* _What to produce_: Only certain lines below are wanted: those starting at the line containing "So today's product" and ending at the line containing "I don't have a", both included, each retyped exactly.

Records for processing Block Start

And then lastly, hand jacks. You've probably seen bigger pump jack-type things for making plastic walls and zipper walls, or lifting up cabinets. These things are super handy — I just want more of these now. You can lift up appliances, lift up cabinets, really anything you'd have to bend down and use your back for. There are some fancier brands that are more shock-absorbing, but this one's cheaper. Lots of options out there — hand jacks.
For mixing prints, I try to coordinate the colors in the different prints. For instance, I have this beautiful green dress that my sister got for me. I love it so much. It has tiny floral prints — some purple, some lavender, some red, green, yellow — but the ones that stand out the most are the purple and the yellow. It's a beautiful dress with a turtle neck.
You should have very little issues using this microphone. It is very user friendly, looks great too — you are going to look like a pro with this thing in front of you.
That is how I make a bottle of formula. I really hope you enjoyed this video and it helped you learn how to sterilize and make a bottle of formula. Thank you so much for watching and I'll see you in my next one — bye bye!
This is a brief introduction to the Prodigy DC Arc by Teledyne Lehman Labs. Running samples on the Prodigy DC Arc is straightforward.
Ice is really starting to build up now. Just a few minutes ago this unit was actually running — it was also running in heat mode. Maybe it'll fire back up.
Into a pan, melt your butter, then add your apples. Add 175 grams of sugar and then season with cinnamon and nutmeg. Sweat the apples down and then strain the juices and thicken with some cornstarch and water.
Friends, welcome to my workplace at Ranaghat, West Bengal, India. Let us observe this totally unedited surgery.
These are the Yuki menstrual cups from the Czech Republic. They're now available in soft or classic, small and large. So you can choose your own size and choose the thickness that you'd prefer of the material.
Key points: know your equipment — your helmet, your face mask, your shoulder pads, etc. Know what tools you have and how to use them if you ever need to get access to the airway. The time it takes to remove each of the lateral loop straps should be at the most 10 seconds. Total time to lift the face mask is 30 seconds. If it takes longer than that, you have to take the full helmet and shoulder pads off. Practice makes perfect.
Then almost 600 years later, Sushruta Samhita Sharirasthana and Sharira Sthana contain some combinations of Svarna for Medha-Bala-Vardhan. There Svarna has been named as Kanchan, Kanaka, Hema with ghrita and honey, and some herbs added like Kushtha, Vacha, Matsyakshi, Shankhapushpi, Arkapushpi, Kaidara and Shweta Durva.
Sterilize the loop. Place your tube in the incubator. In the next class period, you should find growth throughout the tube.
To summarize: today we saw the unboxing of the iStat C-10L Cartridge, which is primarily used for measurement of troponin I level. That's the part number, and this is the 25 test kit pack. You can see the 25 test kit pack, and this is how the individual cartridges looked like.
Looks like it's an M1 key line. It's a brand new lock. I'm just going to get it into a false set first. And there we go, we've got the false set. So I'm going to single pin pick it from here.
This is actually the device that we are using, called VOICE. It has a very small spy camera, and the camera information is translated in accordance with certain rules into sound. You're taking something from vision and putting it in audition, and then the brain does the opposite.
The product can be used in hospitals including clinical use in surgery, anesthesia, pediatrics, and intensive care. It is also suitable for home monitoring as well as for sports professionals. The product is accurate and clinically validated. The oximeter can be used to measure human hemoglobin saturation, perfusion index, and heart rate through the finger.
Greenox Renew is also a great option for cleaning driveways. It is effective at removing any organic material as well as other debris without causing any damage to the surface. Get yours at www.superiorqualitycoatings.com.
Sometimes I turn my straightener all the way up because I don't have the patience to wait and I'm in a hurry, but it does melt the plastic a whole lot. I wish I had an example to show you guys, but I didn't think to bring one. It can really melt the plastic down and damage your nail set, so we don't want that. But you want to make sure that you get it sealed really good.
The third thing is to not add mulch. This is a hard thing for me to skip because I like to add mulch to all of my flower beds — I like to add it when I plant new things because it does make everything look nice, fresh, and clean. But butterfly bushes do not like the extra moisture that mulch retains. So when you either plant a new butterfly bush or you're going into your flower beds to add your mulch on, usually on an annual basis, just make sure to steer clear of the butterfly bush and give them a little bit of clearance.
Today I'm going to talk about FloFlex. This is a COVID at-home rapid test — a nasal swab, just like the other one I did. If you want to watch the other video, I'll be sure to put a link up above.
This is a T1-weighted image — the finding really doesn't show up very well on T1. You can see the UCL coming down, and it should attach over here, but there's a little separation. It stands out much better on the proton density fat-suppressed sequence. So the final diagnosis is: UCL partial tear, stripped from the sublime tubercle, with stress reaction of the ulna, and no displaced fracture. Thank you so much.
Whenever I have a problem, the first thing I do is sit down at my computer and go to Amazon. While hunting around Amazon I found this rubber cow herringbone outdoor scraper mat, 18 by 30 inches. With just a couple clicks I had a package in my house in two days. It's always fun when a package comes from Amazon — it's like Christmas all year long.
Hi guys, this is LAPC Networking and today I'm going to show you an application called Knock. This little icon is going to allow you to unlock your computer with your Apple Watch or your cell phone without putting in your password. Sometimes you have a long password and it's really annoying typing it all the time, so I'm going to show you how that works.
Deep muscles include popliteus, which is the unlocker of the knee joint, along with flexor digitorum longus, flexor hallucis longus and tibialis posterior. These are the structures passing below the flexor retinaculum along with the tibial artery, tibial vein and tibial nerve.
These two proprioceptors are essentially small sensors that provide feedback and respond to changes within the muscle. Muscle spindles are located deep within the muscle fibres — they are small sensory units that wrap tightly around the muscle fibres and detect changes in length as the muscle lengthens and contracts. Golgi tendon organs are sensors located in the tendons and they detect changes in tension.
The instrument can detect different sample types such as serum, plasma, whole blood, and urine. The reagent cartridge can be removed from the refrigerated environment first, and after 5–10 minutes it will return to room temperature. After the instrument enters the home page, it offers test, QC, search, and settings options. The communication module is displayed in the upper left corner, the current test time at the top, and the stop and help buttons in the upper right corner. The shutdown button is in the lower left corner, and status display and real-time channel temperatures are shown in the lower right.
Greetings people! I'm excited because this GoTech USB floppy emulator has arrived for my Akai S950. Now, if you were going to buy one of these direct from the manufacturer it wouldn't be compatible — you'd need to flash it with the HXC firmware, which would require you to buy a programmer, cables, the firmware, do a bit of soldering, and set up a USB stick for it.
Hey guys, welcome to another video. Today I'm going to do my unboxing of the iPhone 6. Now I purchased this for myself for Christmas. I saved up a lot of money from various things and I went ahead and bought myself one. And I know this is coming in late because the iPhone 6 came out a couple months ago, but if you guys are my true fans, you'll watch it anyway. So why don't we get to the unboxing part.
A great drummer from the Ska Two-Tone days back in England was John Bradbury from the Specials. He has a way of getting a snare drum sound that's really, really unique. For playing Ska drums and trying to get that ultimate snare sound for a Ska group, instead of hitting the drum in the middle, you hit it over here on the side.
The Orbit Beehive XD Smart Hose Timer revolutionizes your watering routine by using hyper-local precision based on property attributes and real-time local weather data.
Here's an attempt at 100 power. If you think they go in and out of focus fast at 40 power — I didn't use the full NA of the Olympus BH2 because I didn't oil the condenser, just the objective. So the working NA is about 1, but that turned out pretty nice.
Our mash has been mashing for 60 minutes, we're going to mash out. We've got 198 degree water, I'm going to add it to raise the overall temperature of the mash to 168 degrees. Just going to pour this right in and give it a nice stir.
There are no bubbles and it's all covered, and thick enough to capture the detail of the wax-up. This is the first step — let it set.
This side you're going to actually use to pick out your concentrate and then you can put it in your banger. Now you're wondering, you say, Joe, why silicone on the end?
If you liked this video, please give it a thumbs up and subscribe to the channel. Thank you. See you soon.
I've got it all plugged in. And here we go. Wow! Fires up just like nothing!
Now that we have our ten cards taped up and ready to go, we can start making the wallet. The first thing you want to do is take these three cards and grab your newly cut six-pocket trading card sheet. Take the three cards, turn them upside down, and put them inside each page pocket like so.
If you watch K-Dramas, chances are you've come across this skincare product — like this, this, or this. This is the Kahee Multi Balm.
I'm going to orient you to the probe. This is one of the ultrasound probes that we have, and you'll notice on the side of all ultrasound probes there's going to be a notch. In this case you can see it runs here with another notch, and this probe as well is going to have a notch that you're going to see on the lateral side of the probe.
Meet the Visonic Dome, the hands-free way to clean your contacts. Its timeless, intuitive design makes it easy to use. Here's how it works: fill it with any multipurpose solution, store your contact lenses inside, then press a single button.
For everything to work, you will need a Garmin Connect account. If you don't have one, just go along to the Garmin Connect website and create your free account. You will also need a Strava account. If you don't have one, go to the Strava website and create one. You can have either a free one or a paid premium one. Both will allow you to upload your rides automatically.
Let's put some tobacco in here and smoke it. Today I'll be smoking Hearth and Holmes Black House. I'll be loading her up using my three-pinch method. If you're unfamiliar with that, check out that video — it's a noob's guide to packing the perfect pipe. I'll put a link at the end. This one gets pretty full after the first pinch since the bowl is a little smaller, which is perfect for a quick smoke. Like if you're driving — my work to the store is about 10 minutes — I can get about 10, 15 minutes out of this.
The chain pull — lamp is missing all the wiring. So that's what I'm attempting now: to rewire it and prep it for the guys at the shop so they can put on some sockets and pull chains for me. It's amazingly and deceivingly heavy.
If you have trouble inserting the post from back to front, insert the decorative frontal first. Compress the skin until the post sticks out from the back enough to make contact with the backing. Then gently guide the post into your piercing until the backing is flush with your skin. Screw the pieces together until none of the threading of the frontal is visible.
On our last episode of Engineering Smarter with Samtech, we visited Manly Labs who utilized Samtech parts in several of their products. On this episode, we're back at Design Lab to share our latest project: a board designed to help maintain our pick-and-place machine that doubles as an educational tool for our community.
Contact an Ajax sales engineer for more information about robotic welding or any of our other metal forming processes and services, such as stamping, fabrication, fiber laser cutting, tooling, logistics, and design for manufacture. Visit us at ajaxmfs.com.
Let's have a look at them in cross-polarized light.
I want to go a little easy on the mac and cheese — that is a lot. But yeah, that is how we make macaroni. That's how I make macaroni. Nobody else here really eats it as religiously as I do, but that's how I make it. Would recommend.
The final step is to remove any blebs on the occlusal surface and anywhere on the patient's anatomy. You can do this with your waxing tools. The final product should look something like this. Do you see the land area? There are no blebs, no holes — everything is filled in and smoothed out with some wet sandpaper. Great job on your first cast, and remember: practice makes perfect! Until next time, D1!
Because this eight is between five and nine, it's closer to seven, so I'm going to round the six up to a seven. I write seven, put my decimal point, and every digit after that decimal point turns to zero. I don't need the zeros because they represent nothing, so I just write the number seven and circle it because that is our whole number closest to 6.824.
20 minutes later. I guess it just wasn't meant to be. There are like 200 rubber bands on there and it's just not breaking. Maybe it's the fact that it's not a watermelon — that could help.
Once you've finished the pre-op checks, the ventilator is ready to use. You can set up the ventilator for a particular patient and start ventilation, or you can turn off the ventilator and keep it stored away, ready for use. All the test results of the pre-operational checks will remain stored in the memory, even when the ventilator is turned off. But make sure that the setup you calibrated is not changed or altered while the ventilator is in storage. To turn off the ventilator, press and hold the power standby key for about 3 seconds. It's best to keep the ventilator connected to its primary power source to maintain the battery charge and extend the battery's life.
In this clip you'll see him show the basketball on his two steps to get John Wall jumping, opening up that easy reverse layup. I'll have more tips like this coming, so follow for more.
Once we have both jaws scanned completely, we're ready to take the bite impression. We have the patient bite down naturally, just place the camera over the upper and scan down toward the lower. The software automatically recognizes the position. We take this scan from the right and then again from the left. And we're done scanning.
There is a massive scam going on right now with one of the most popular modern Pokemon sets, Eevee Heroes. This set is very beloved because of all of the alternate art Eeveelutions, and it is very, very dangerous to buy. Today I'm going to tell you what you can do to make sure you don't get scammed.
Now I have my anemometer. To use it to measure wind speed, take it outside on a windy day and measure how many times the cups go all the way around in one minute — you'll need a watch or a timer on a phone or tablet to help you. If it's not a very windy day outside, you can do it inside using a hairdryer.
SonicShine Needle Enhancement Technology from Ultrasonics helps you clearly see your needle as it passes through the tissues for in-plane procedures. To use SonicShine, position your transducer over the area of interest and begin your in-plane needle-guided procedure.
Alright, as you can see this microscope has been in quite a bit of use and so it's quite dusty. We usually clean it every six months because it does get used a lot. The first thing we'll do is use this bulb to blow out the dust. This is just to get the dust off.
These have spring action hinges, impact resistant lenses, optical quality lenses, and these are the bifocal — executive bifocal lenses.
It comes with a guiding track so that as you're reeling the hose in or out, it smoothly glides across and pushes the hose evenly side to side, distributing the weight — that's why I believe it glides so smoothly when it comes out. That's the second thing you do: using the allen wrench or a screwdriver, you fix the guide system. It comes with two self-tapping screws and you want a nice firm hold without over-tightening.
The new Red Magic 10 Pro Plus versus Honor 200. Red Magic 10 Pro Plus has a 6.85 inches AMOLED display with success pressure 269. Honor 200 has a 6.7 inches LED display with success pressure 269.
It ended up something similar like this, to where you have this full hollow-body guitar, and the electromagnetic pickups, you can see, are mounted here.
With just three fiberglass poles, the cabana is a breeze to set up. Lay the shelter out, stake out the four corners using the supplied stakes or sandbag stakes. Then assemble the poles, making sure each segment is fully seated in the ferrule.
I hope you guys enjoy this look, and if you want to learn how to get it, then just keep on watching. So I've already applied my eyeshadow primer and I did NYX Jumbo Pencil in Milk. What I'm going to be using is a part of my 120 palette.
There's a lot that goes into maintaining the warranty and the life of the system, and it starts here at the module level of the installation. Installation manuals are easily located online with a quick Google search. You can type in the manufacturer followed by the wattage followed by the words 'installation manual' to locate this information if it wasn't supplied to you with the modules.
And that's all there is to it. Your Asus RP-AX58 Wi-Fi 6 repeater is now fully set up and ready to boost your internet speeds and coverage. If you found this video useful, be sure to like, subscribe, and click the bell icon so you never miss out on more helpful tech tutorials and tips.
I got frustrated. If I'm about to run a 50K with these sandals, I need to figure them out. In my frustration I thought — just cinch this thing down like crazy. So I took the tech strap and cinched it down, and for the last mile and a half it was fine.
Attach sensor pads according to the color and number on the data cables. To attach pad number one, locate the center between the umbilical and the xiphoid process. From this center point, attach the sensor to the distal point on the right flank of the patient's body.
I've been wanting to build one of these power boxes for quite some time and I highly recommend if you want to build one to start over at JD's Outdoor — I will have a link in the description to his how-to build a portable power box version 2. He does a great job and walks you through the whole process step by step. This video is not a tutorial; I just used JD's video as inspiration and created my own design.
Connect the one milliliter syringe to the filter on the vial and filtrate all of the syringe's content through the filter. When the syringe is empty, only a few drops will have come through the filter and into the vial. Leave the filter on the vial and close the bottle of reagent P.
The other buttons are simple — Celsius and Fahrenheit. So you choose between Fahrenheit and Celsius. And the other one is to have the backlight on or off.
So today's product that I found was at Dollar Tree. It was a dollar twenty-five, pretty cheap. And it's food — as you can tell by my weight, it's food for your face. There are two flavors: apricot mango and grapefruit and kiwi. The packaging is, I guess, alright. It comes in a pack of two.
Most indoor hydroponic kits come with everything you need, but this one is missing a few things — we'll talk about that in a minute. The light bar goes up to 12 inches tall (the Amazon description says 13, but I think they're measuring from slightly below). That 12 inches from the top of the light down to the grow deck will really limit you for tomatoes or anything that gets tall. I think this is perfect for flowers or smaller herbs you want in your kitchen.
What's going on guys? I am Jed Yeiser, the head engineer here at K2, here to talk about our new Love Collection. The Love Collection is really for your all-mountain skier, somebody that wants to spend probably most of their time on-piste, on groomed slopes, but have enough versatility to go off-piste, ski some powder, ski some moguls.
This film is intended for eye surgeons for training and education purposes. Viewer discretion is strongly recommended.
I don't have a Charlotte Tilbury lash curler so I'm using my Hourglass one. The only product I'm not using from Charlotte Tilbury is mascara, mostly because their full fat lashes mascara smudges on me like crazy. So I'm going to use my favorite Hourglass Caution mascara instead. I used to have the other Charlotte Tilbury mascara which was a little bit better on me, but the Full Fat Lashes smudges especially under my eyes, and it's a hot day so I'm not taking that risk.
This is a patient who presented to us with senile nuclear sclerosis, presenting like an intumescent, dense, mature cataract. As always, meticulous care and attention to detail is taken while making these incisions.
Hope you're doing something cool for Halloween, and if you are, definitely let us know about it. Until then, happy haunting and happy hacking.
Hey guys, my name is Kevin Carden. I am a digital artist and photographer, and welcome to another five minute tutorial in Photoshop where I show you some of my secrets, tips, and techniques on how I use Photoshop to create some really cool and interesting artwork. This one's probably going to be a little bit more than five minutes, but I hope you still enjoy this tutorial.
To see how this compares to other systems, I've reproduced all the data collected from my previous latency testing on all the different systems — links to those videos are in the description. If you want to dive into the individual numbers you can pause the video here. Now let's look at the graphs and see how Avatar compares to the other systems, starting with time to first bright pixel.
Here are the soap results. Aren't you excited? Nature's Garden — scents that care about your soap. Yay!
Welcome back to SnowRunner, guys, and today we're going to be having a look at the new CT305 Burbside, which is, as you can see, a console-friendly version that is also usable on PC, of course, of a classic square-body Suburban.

Records for processing Block End

* _Answer for the task_:
So today's product that I found was at Dollar Tree. It was a dollar twenty-five, pretty cheap. And it's food — as you can tell by my weight, it's food for your face. There are two flavors: apricot mango and grapefruit and kiwi. The packaging is, I guess, alright. It comes in a pack of two.
Most indoor hydroponic kits come with everything you need, but this one is missing a few things — we'll talk about that in a minute. The light bar goes up to 12 inches tall (the Amazon description says 13, but I think they're measuring from slightly below). That 12 inches from the top of the light down to the grow deck will really limit you for tomatoes or anything that gets tall. I think this is perfect for flowers or smaller herbs you want in your kitchen.
What's going on guys? I am Jed Yeiser, the head engineer here at K2, here to talk about our new Love Collection. The Love Collection is really for your all-mountain skier, somebody that wants to spend probably most of their time on-piste, on groomed slopes, but have enough versatility to go off-piste, ski some powder, ski some moguls.
This film is intended for eye surgeons for training and education purposes. Viewer discretion is strongly recommended.
I don't have a Charlotte Tilbury lash curler so I'm using my Hourglass one. The only product I'm not using from Charlotte Tilbury is mascara, mostly because their full fat lashes mascara smudges on me like crazy. So I'm going to use my favorite Hourglass Caution mascara instead. I used to have the other Charlotte Tilbury mascara which was a little bit better on me, but the Full Fat Lashes smudges especially under my eyes, and it's a hot day so I'm not taking that risk.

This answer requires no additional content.